PROPERTY AND DIRECTOR OF THE PATENT
AND TRADEMARK OFFICE
2004 AIPLA ANNUAL MEETING
Friday, October 15, 2004
MR. DUDAS: What I want to talk to you about today are the
challenges that face our intellectual property system, the
challenges that face the USPTO. And as we gather, in part, to
honor USPTO and copyright officials for outstanding service, I
also want to talk to you about some of the successes we've
recently had at the USPTO. I want to tell you about the many
challenges that still face our system and our agency and why you
can, and why you should, be confident that the USPTO will meet
these challenges.
I gave a great deal of thought to whether or not I could sum up
all of the challenges facing our intellectual property system in
one simple statement, but of course nothing is that simple.
However, I believe if you take several steps back and you take a
bird's eye view, you begin to realize that the source of the many
different challenges is the need to resolve the vastly different
perceptions that people have about intellectual property.
I'd like to give you a specific example of differing perceptions
that I think may come close to home. It's something I deal with
on a daily basis and it's something that USPTO deals with on a
daily basis, especially as I'm translating and working between
the intellectual property community, lawyers, participants,
private sector and working with the government.
Many of you, as intellectual property lawyers, have questioned
how do we view the world, how do we view intellectual property.
And many of us at the USPTO, and many of you at AIPLA, as
intellectual property lawyers, are comfortable perceiving our
intellectual property system through analysis of volumes of
statutes, judicial interpretations and law review articles, and
thank God you are.
Many of us are quite comfortable perceiving our intellectual
property system through passages like I hope shows up on the
screen, but I will read for you. "The critical period for
diligence for a first conceiver, but second reducer, begins not
at the time of conception of the first conceiver, but just prior
to the entry in the field of the party who is first reduced to
practice and continues until the first conceiver reduces to
practice," citing Hull v.

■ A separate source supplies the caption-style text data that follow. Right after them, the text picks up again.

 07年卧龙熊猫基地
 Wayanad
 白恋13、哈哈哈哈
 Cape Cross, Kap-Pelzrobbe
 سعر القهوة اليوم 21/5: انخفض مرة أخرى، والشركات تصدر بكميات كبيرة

Davenport, from Chapter 700 of our
NPEP.
That is an appropriate and a learned way to view our intellectual
property system. However, I want to take just a moment to
contrast that with the many, many people, perhaps the vast
majority of people who are not intellectual property owners and
how they view our system of intellectual property. So, for that
view, I'm going to turn to the sage words of J.J. Jamison, Peter
Parker's boss in the movie, "Spiderman," as he had his eureka
moment.
[Movie clip played.]
[Applause.]
MR. DUDAS: I laugh every time I see that with my children, and my
wife calls me a patent geek.
[Laughter.]
MR. DUDAS: I'm honored to be called that.

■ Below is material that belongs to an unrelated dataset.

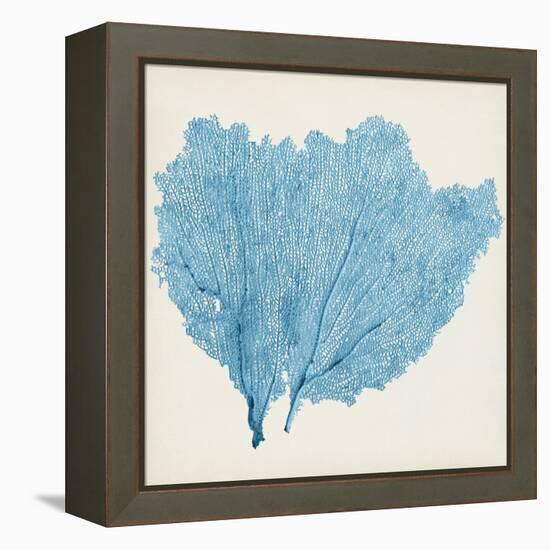 Sea Fan IV-Vision Studio-Framed Stretched Canvas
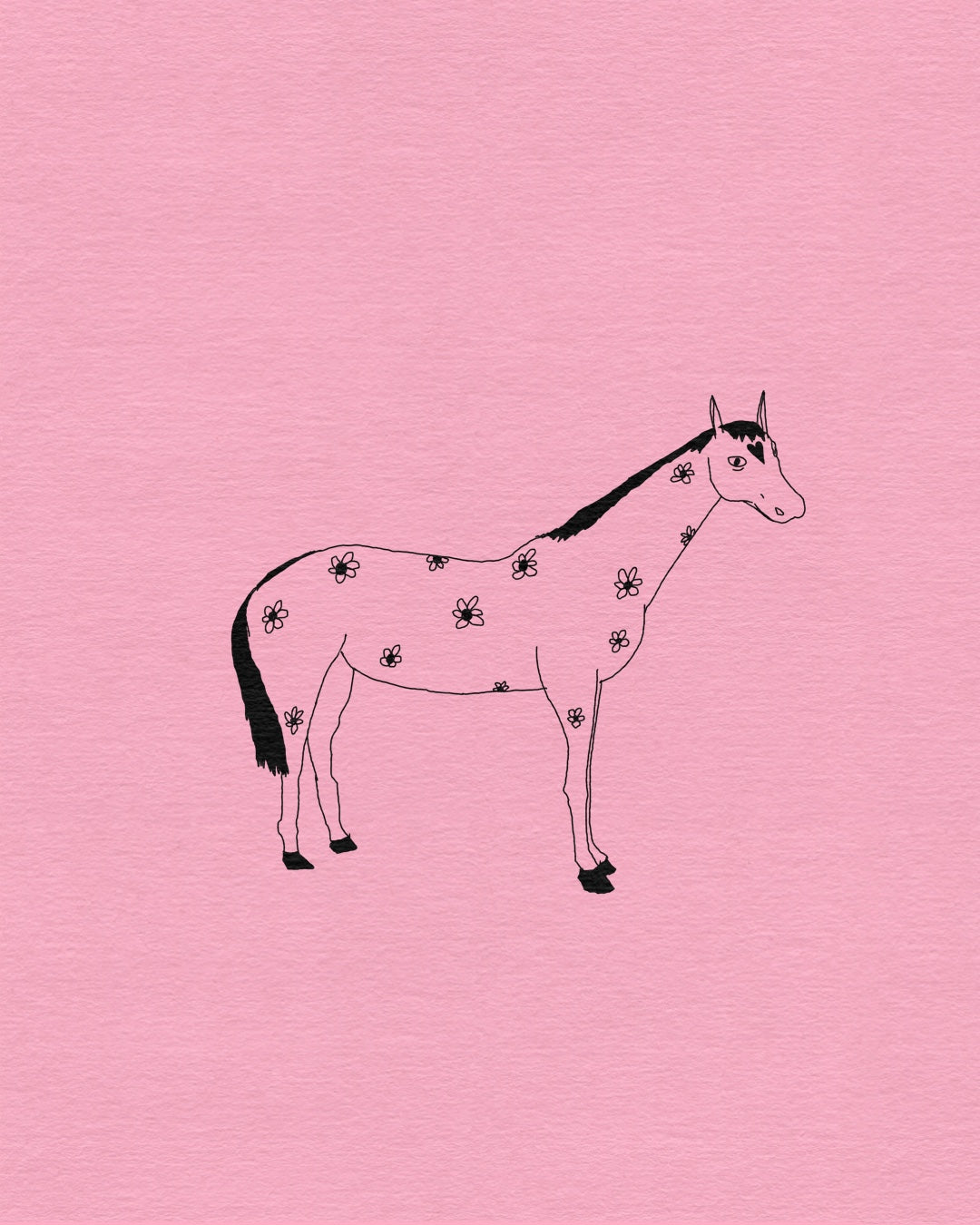 Cute stallion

Now, I know where I am. I'm standing before hundreds of the top
intellectual property lawyers in the world. So those of you who
perceive the intellectual property world as an excellent venue
for litigation, before you consider the best jurisdiction to sue
me for copyright infringement, please note that I do have the
consent of Columbia TriStar to show you that clip.
[Laughter.]
MR. DUDAS: Certainly, you all need to question anybody, myself
included, who tries to give you a dose of reality by showing you
a clip of a fictional character from a fictional movie. And while
this is intended to be a humorous contrast, it is very real in
many respects. I believe that Challenge No. 1 for all of us and
for all of you is conveying what you know and what we know at the
USPTO about our system of intellectual property to policymakers,
to government leaders and the general public who do not have the
same background that you have, that the folks at the USPTO have.
You don't know too much, and many of those folks don't know too
little, but the answer certainly is not to send more people to
law school. I'm a lawyer too. I think that's much too much
competition. But we, all of you at AIPLA and the USPTO, have a
responsibility to solve this challenge. We need to communicate
and we need to educate. This challenge of differing perspective
goes well beyond the example I showed right there. We have a
perception gap between developed nations and developing nations
on the role of intellectual property and the development of our
economy. We need to communicate, and we need to educate.

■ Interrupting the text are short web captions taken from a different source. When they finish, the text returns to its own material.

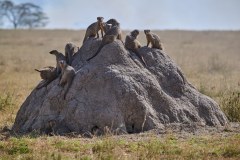 TanzanieUganda_0104_web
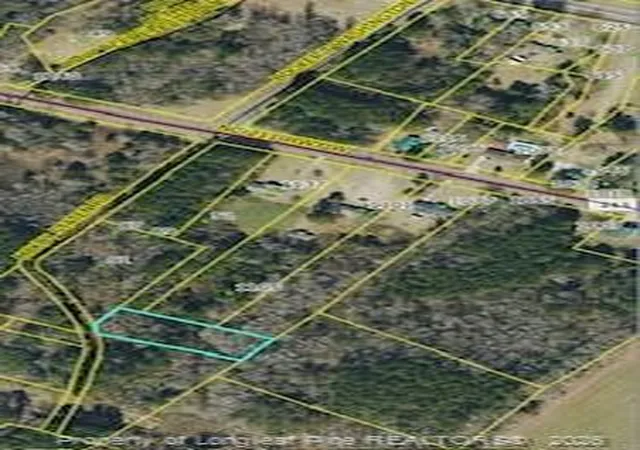Photo 3 of Land for sale at Mckoy/staten Rd, Clarkton, NC 28433 | MLS# 769409 | Listing updated on 2026-09-16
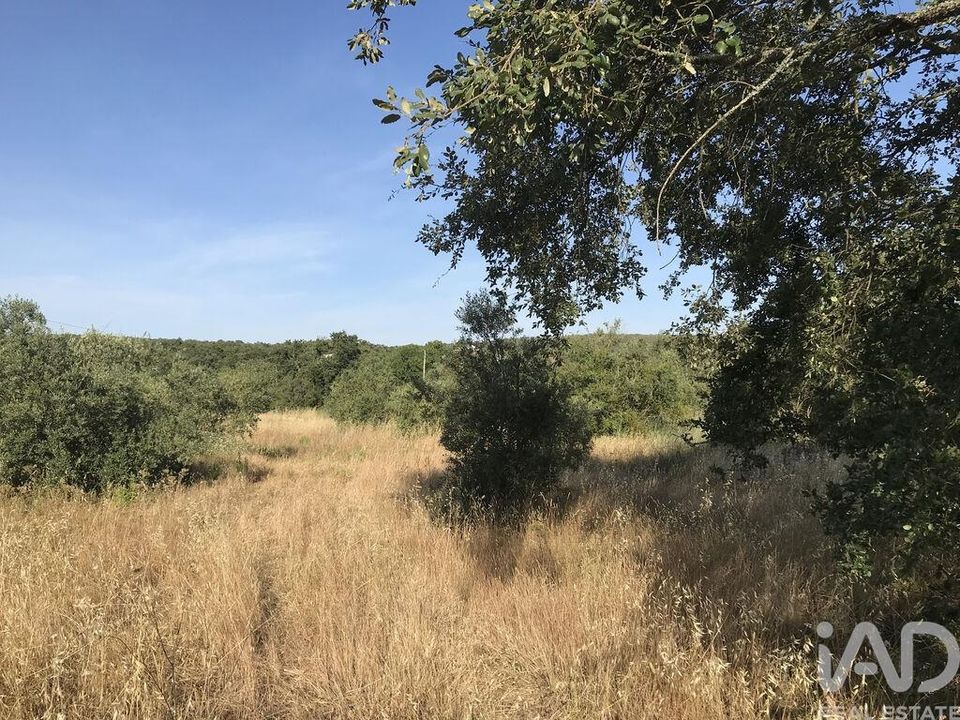 Helårsgrund i Ferreira do Zezere, Santarem - foto 1
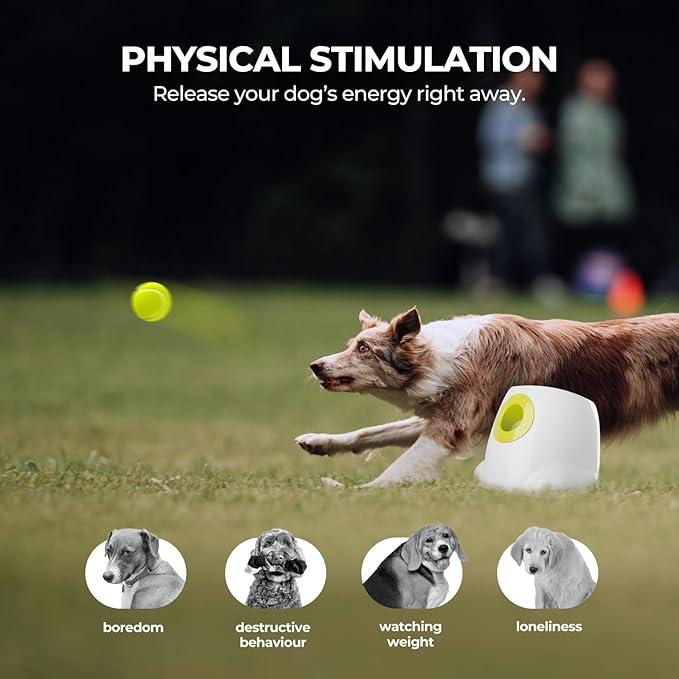 ALL FOR PAWS Automatic Dog Ball Launcher for Medium to Large Dogs, Interactive Tennis Ball Thrower, Rechargeable Dog Toy Mental Stimulation Training Game for Energetic Dogs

We have a perception gap between how our high school and
college-age kids view theft of tangible property and how they
view the theft of intellectual property. And, again, we need to
communicate, and we need to educate. We have other perception
gaps as well. And when I say we need to communicate and educate,
I don't mean we need to do that out of the kindness of our heart.
I say we need to do that because there is truly an attack on the
intellectual property system in the United States and
internationally, not just pendency and quality issues or the
administration of the Patent and Trademark Office, but
fundamentally what our intellectual property system is and has
become.
And for anyone who travels the world on an intellectual property
mission, you'll find time and time again that this attack is
valid, it's there, and we need to address it.
One thing I can pledge to all of you unequivocally is that in
every instance I have mentioned, my charge is very clear, the
charge of the USPTO is very clear. We are resolved to protect
your intellectual property rights. Internationally, we are
resolved to protect your rights in the treaties we debate, the
enforcement measures that we promote, and the Free Trade
Agreements that we negotiate. Domestically, we are resolved to
protect your intellectual property rights through administration
policy and, perhaps most importantly, by ensuring that you have
the highest-quality patents and trademarks in the shortest time
possible, in short, to give you the certainty and the quality
that you need and deserve.
I want to focus a little bit on the perception gap that was
facing our agency about three years ago. I'm certain most of you
are aware of the tremendous scrutiny of the office and the
tremendous doubts there were about the office in 2001--some of it
potentially warranted, some of it reflecting a need for us to
communicate and educate better.
In 2001, the Congress had given statements. They'd voted on
reports that said they lacked confidence in the management of
PTO. They lacked confidence in what was happening at the PTO. The
administration that came in at the time, the Bush administration,
certainly was very clear that we want to make certain that the
USPTO is on the right track. And certainly AIPLA was a leader,
and AIPLA recognized that there were problems and raised it in
testimony in Congress.
But President Bush came into office determined to improve
government not particularly focused on the USPTO, but improving
government across the board. And he issued the President's
Management Agenda, which served as the basis of our 21st Century
Strategic Plan and served as the USPTO's guidance for how we
would manage.
Secretary Evans entered office with his eye on improving
specifically the USPTO and our entire intellectual property
system. He made it clear to me, when he appointed me as deputy
almost three years ago, that putting together a comprehensive
strategic plan and managing the office was to be our number one
priority. Under Secretary Rogan got to work, I got to work and,
importantly, all of you at AIPLA got to work at well.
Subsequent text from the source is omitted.